Le culte de la vérité

146. Le premier pas, après avoir invoqué l’Esprit Saint, consiste à prêter toute l’attention au texte biblique, qui doit être le fondement de la prédication. Quand on s’attarde à chercher à comprendre quel est le message d’un texte, on exerce le « culte de la vérité ».[113] C’est l’humilité du cœur qui reconnaît que la Parole nous transcende toujours, que nous n’en sommes « ni les maîtres, ni les propriétaires, mais les dépositaires, les hérauts, les serviteurs».[114] Cette attitude de vénération humble et émerveillée de la Parole s’exprime en prenant du temps pour l’étudier avec la plus grande attention et avec une sainte crainte de la manipuler. Pour pouvoir interpréter un texte biblique, il faut de la patience, abandonner toute inquiétude et y consacrer temps, intérêt et dévouement gratuit. Il faut laisser de côté toute préoccupation qui nous assaille pour entrer dans un autre domaine d’attention sereine. Ce n’est pas la peine de se consacrer à lire un texte biblique si on veut obtenir des résultats rapides, faciles ou immédiats. C’est pourquoi, la préparation de la prédication demande de l’amour. On consacre un temps gratuit et sans hâte uniquement aux choses et aux personnes qu’on aime ; et ici il s’agit d’aimer Dieu qui a voulu nous parler. À partir de cet amour, on peut consacrer tout le temps nécessaire, avec l’attitude du disciple : « Parle Seigneur, ton serviteur écoute » (1S 3, 9).
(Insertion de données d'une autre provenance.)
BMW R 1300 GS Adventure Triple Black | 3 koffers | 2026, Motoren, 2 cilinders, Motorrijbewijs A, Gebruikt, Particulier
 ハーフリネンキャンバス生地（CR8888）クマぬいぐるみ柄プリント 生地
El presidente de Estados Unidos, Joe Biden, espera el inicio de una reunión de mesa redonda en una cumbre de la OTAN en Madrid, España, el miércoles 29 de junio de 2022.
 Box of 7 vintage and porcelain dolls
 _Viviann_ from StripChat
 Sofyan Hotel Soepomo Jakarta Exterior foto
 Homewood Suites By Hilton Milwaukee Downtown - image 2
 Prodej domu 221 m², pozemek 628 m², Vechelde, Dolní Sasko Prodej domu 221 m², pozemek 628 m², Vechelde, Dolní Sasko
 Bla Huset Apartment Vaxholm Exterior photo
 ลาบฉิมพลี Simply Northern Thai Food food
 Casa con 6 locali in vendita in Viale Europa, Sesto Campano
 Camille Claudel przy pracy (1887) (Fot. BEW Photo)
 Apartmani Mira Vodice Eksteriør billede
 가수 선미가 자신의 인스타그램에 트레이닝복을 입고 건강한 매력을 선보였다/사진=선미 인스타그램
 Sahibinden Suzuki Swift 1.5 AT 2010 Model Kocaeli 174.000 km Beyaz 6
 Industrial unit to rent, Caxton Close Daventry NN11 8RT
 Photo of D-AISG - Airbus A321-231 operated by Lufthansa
147. Avant tout il convient d’être sûr de comprendre convenablement la signification des paroles que nous lisons. Je veux insister sur quelque chose qui semble évident mais qui n’est pas toujours pris en compte : le texte biblique que nous étudions a deux ou trois mille ans, son langage est très différent de celui que nous utilisons aujourd’hui. Bien qu’il nous semble comprendre les paroles qui sont traduites dans notre langue, cela ne signifie pas que nous comprenions correctement ce qu’a voulu exprimer l’écrivain sacré. Les différents moyens qu’offre l’analyse littéraire sont connus : prêter attention aux mots qui sont répétés ou mis en relief, reconnaître la structure et le dynamisme propre d’un texte, considérer la place qu’occupent les personnages, etc. Mais le but n’est pas de comprendre tous les petits détails d’un texte, le plus important est de découvrir quel est le message principal, celui qui structure le texte et lui donne unité. Si le prédicateur ne fait pas cet effort, il est possible que même sa prédication n’ait ni unité ni ordre ; son discours sera seulement une somme d’idées variées sans lien les unes avec les autres qui ne réussiront pas à mobiliser les auditeurs. Le message central est celui que l’auteur a voulu transmettre en premier lieu, ce qui implique non seulement de reconnaître une idée, mais aussi l’effet que cet auteur a voulu produire. Si un texte a été écrit pour consoler, il ne devrait pas être utilisé pour corriger des erreurs ; s’il a été écrit pour exhorter, il ne devrait pas être utilisé pour instruire ; s’il a été écrit pour enseigner quelque chose sur Dieu, il ne devrait pas être utilisé pour expliquer différentes idées théologiques ; s’il a été écrit pour motiver la louange ou la tâche missionnaire, ne l’utilisons pas pour informer des dernières nouvelles.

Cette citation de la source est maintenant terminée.